+ mmpage_alloc-pf_wq_worker-threads-must-sleep-at-should_reclaim_retry.patch added to -mm tree

akpm@xxxxxxxxxxxxxxxxxxxx · Mon, 27 Aug 2018 14:54:02 -0700

The patch titled
     Subject: mm,page_alloc: PF_WQ_WORKER threads must sleep at should_reclaim_retry().
has been added to the -mm tree.  Its filename is
     mmpage_alloc-pf_wq_worker-threads-must-sleep-at-should_reclaim_retry.patch

This patch should soon appear at
    http://ozlabs.org/~akpm/mmots/broken-out/mmpage_alloc-pf_wq_worker-threads-must-sleep-at-should_reclaim_retry.patch
and later at
    http://ozlabs.org/~akpm/mmotm/broken-out/mmpage_alloc-pf_wq_worker-threads-must-sleep-at-should_reclaim_retry.patch

Before you just go and hit "reply", please:
   a) Consider who else should be cc'ed
   b) Prefer to cc a suitable mailing list as well
   c) Ideally: find the original patch on the mailing list and do a
      reply-to-all to that, adding suitable additional cc's

*** Remember to use Documentation/process/submit-checklist.rst when testing your code ***

The -mm tree is included into linux-next and is updated
there every 3-4 working days

------------------------------------------------------
From: Michal Hocko <mhocko@xxxxxxxx>
Subject: mm,page_alloc: PF_WQ_WORKER threads must sleep at should_reclaim_retry().

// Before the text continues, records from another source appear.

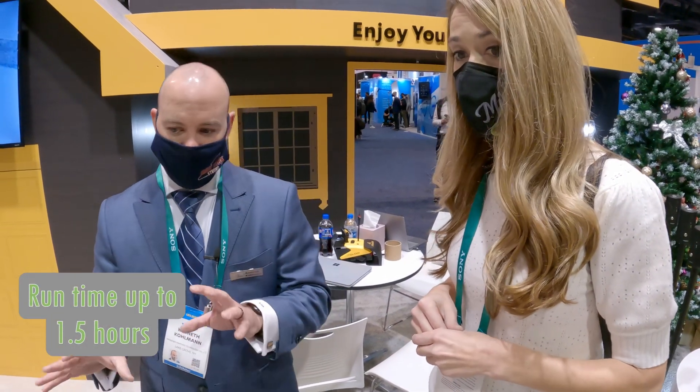So how long can this run for? This could run for an hour and a half — an hour and a half with eight inches of powder. If it's heavy wet snow, you're probably talking an hour.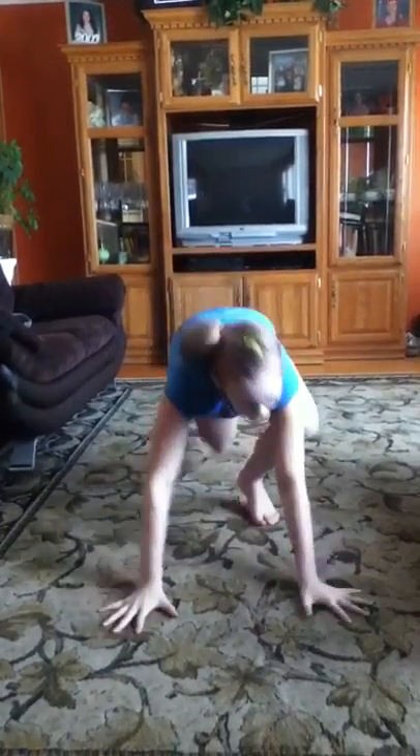Slide into your split. Arms up. Middle splits. Arms up if you can. Butterflies.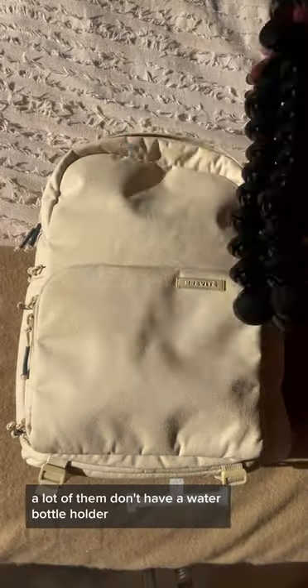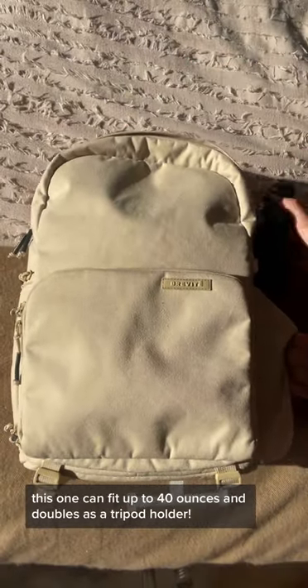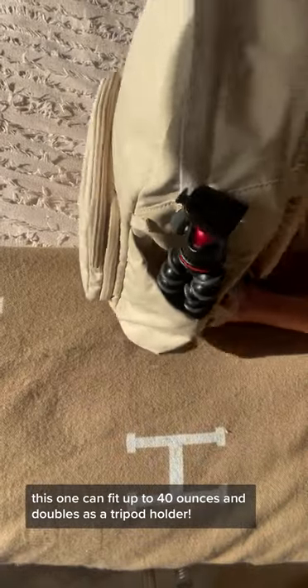When I was doing research for camera bags, a lot of them don't have a water bottle holder. This one can fit up to 40 ounces and doubles as a tripod holder.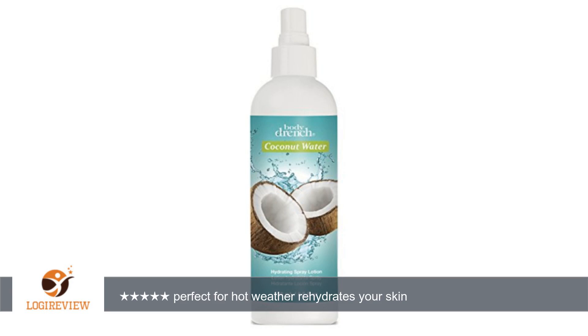Hello, welcome to Best Reviews on YouTube. This item has a rating of 5.0 out of 5 stars. A customer wrote: this is the lotion for silky soft skin, perfect for hot weather — rehydrates your skin.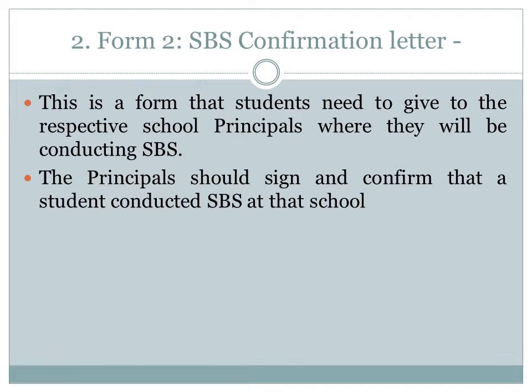Please note the confirmation letter — this is a form that students need to give to the respective school principals where they will conduct their SPS. The principal should sign and confirm that the student conducted SPS at that school.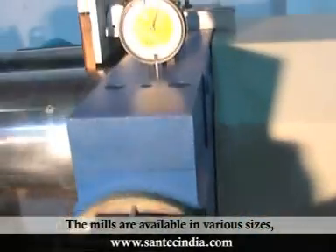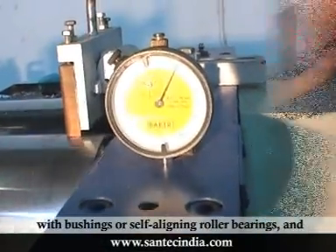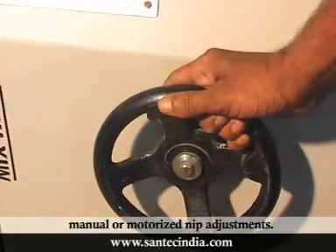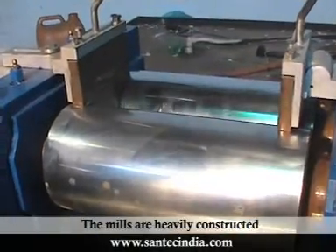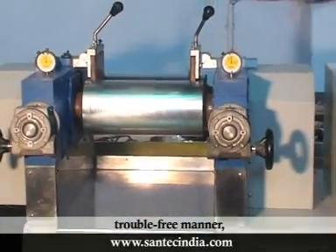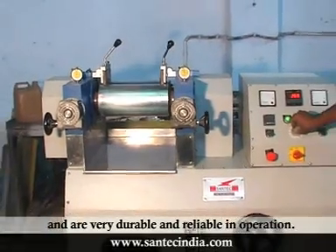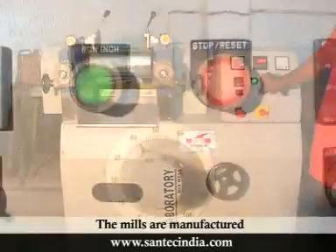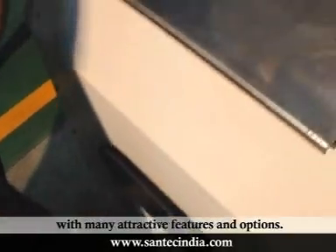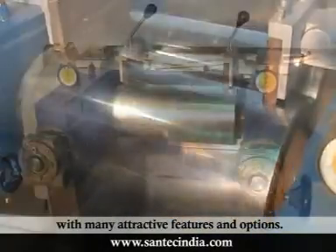The mills are available in various sizes with bushings or self-aligning roller bearings and manual or motorized nip adjustments. The mills are heavily constructed to mix newer and tougher compounds in a silent, trouble-free manner and are very durable and reliable in operation. The mills are manufactured as per rigid international standards with many attractive features and options.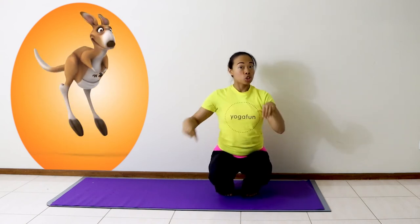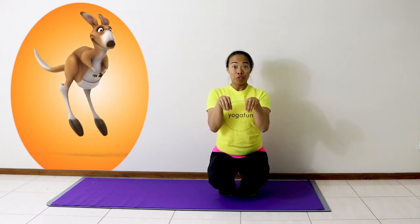Hop, hop, hop, hop. Kangaroo pose helps us to get stronger in our ankles and our feet, and helps us with our balance and focus.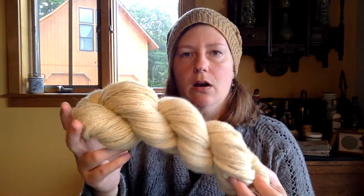But I thought it would be interesting to just try it out and see what we could get. So we used about two cups of fresh flowers to dye two of these skeins, and these are 100 gram skeins, so 200 grams total. So again, I'm not surprised we didn't get a dense color.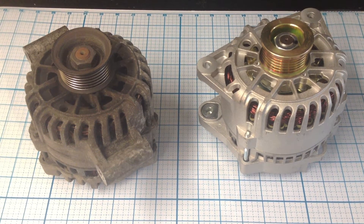Here we have two alternators, both of them fit a 2000 Ford Focus. Now from what I understand, there are three types of Ford Focus motors: the dual overhead cam, the Z-Tec single overhead cam, and then just the standard single overhead cam.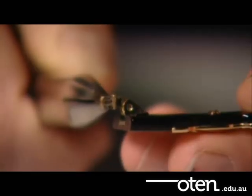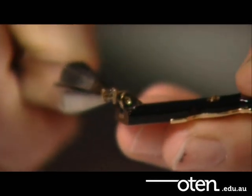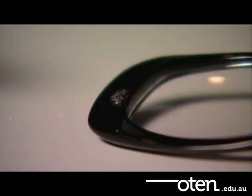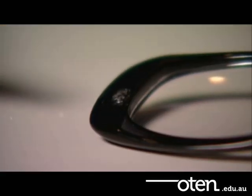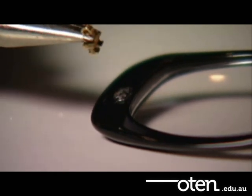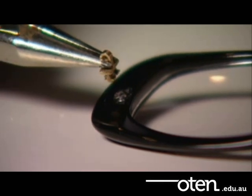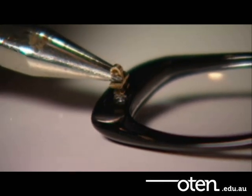Make sure that the barrel of your replacement hinge matches or fits with the temple hinge. Also, make sure that the hole isn't too big. Hold the new hinge with the tips of the contact pliers and position it over the hole left by the broken hinge. Make sure that you line this up correctly.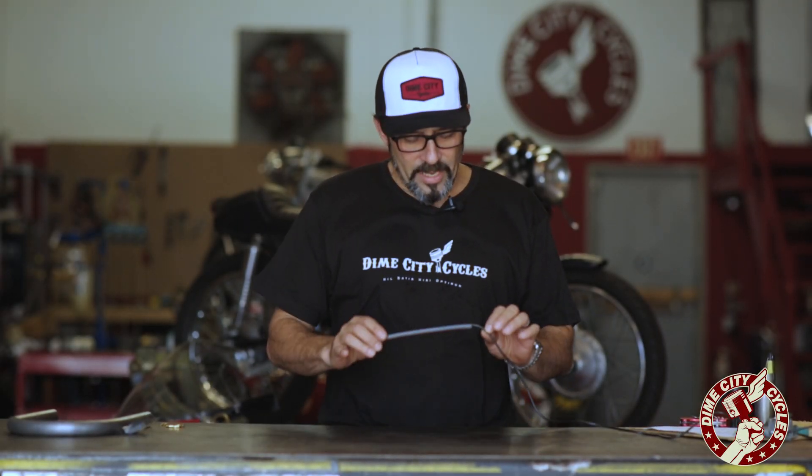Hey everybody, this is Herm and welcome to the Dime City Garage. Today I want to spend a couple moments talking about this cool new Dime City original LED taillight strip.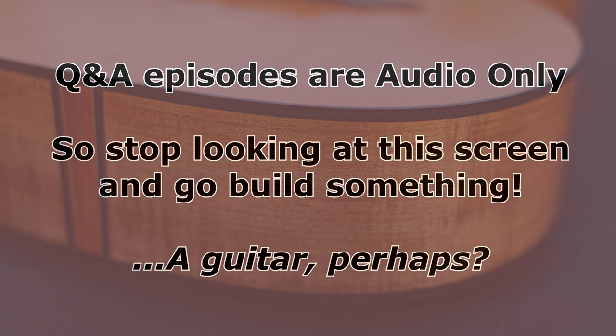This question comes from Andrea. She writes: hey Eric, I love your videos. What kind of joint would you recommend for attaching the guitar neck to the body? In a separate question, she asked specifically about using a butt joint. So first I'm going to answer whether or not you can use a butt joint for the neck joint.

Tetsuo Handa has reported that it is possible to bypass the short sleep
for PF_WQ_WORKER threads which was introduced by commit 373ccbe5927034b5
("mm, vmstat: allow WQ concurrency to discover memory reclaim doesn't make
any progress") and lock up the system if OOM.

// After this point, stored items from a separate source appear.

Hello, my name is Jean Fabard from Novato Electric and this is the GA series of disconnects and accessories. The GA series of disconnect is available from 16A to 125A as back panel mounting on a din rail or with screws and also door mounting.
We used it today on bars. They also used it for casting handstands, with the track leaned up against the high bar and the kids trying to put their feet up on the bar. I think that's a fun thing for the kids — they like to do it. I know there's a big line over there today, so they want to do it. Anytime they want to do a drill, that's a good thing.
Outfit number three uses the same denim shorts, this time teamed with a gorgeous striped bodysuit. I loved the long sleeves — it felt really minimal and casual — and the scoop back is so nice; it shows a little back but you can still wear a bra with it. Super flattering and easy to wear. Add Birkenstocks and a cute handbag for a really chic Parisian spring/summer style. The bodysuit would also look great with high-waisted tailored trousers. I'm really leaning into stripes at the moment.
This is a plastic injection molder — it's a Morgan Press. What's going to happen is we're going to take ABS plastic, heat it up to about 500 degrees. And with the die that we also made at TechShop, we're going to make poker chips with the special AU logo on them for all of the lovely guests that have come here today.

The primary reason is that WQ_MEM_RECLAIM WQs are not guaranteed to run
even when they have a rescuer available.  Those workers might be essential
for reclaim to make a forward progress, however.  If we are too unlucky
all the allocations requests can get stuck waiting for a WQ_MEM_RECLAIM
work item and the system is essentially stuck in an OOM condition without
much hope to move on.  Tetsuo has seen the reclaim stuck on
drain_local_pages_wq or xlog_cil_push_work (xfs).  There might be others.

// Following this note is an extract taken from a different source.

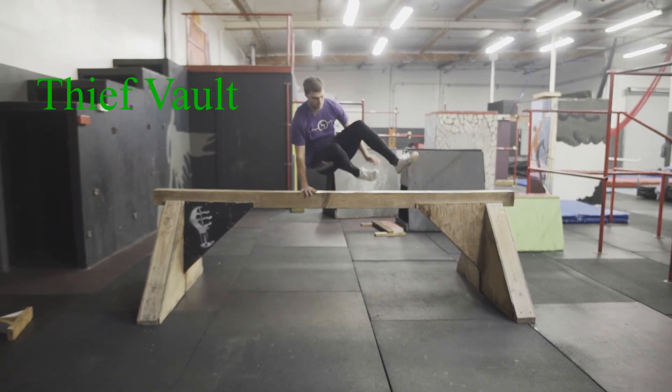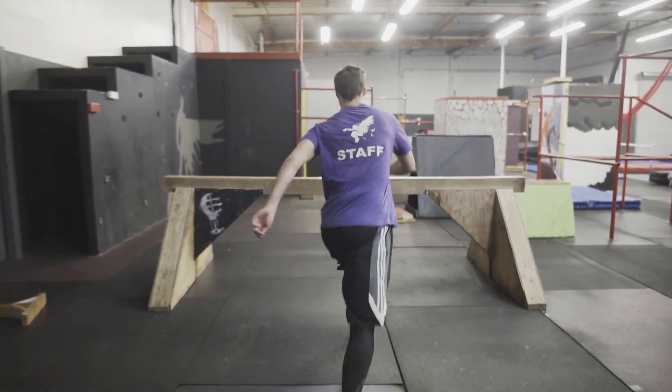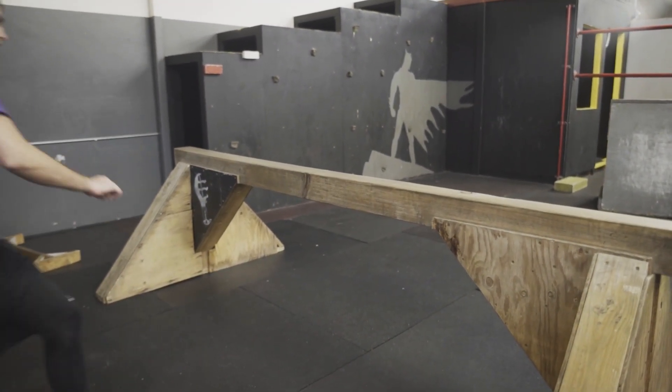The next progression is a thief vault. For this vault we are going to carry our body all the way over without placing our foot on top. Remember to practice both sides and land your hands softly on the vault with your fingers facing forward.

Since should_reclaim_retry() should be a natural reschedule point, let's
do the short sleep for PF_WQ_WORKER threads unconditionally in order to
guarantee that other pending work items are started.  This will workaround
this problem and it is less fragile than hunting down when the sleep is
missed.  E.g.  we used to have a sleeping point in the oom path but this
has been removed recently because it caused other issues.  Having a single
sleeping point is more robust.

Link: http://lkml.kernel.org/r/20180827135101.15700-1-mhocko@xxxxxxxxxx
Signed-off-by: Michal Hocko <mhocko@xxxxxxxx>
Debugged-by: Tetsuo Handa <penguin-kernel@xxxxxxxxxxxxxxxxxxx>
Reported-by: Tetsuo Handa <penguin-kernel@xxxxxxxxxxxxxxxxxxx>
Cc: Roman Gushchin <guro@xxxxxx>
Cc: Johannes Weiner <hannes@xxxxxxxxxxx>
Cc: Vladimir Davydov <vdavydov.dev@xxxxxxxxx>
Cc: David Rientjes <rientjes@xxxxxxxxxx>
Cc: Tejun Heo <tj@xxxxxxxxxx>
Signed-off-by: Andrew Morton <akpm@xxxxxxxxxxxxxxxxxxxx>
---

 mm/page_alloc.c |   34 ++++++++++++++++++----------------
 1 file changed, 18 insertions(+), 16 deletions(-)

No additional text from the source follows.